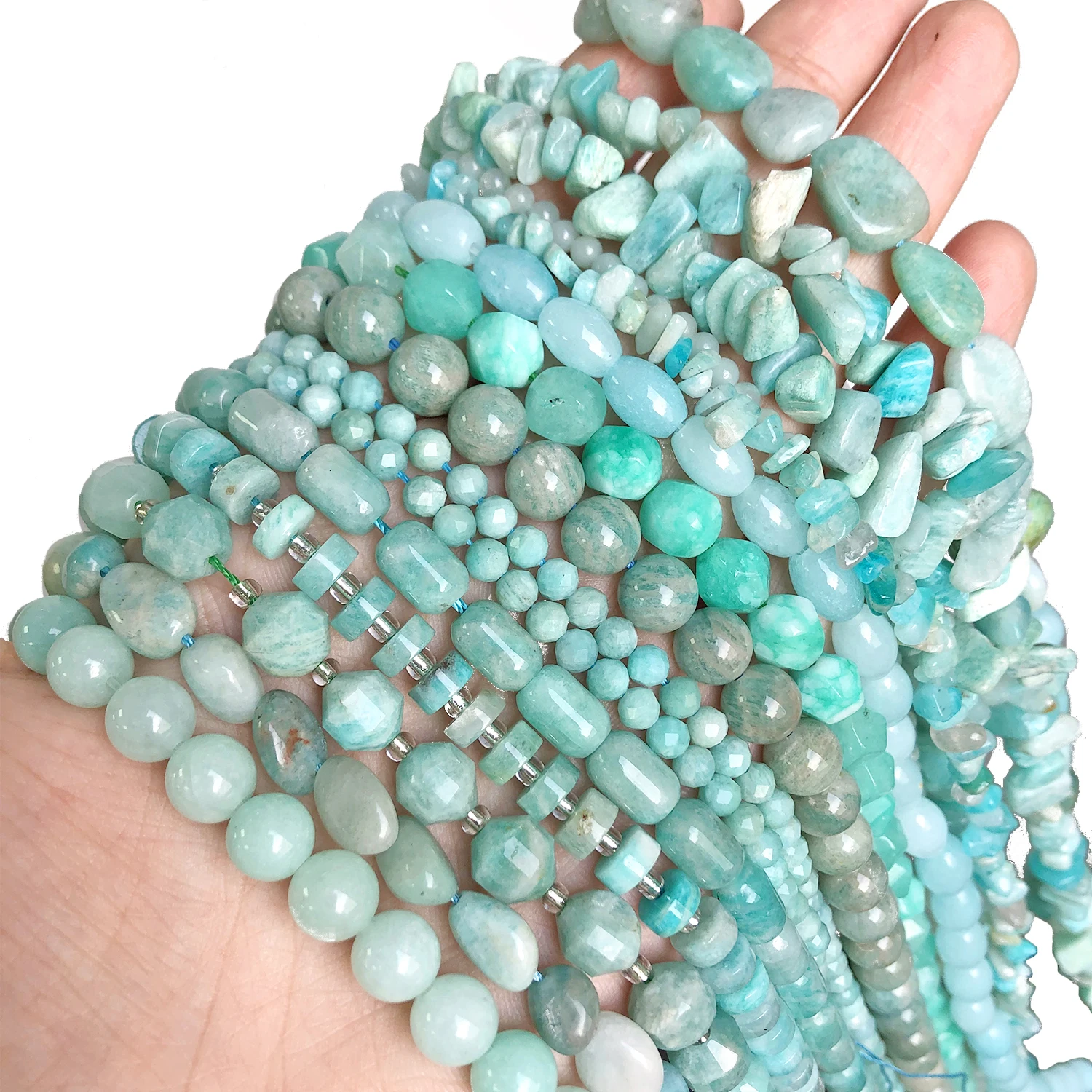 High Quality Natural Stone Faceted Round Irregular Amazonite Loose Spacer Stone Beads for Bracelets Necklace DIY Jewelry Making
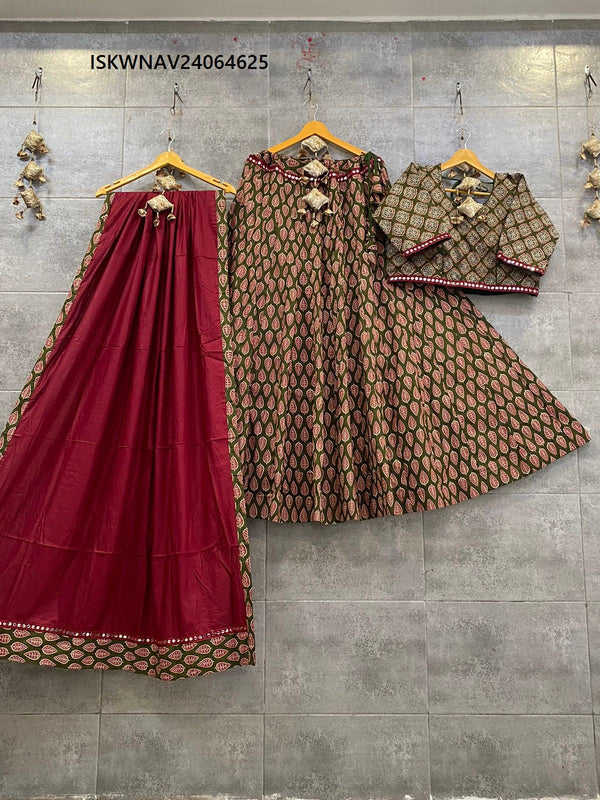 Kalamkari Printed Cotton Lehenga With Blouse And Dupatta-ISKWNAV24064625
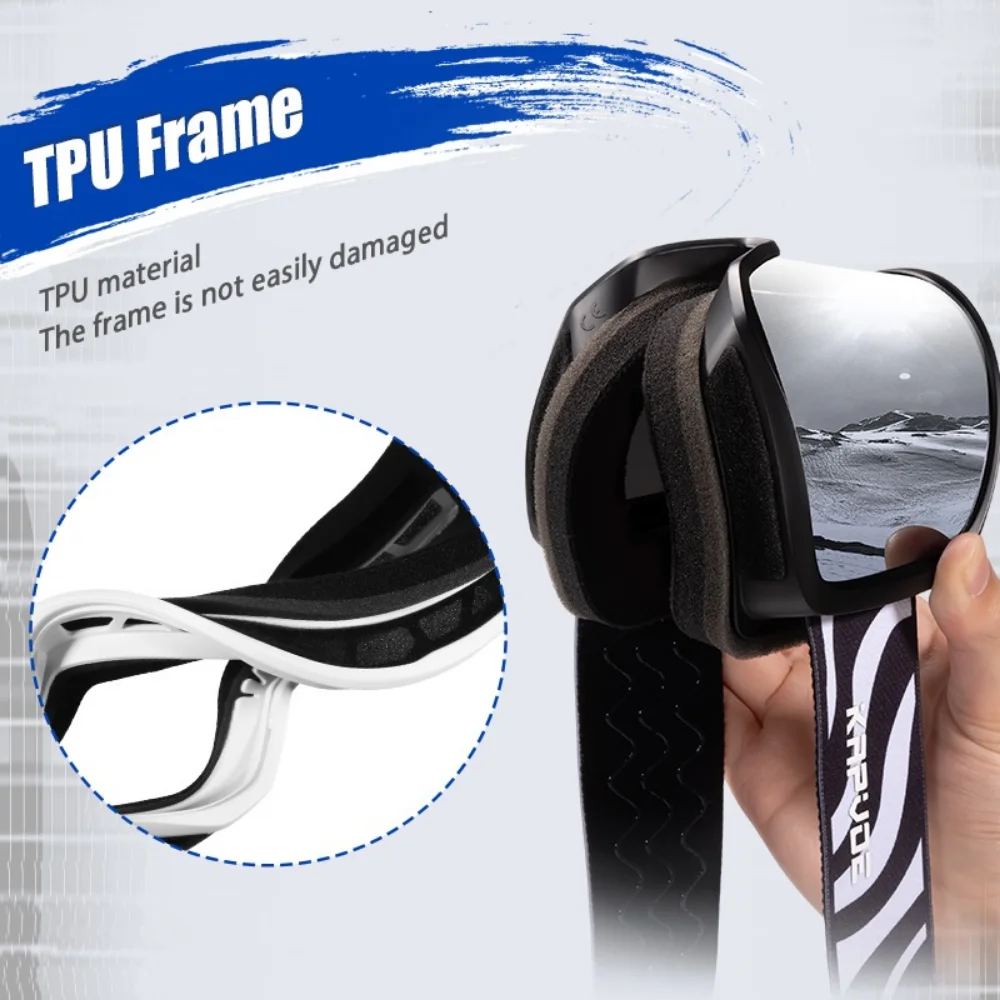 نظارات تزلج KAPVOE مع عدسة مغناطيسية قابلة للطي مضادة للضباب UV400 نظارات حماية على الجليد مناسبة للرجال والنساء والمراهقين نظارات الثلج #4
□ □ □ □ □
EXERCISE PROMPT → Reproduce each line above exactly, but not a single picture.

WRITTEN ANSWER →
 High Quality Natural Stone Faceted Round Irregular Amazonite Loose Spacer Stone Beads for Bracelets Necklace DIY Jewelry Making
 Kalamkari Printed Cotton Lehenga With Blouse And Dupatta-ISKWNAV24064625
 نظارات تزلج KAPVOE مع عدسة مغناطيسية قابلة للطي مضادة للضباب UV400 نظارات حماية على الجليد مناسبة للرجال والنساء والمراهقين نظارات الثلج #4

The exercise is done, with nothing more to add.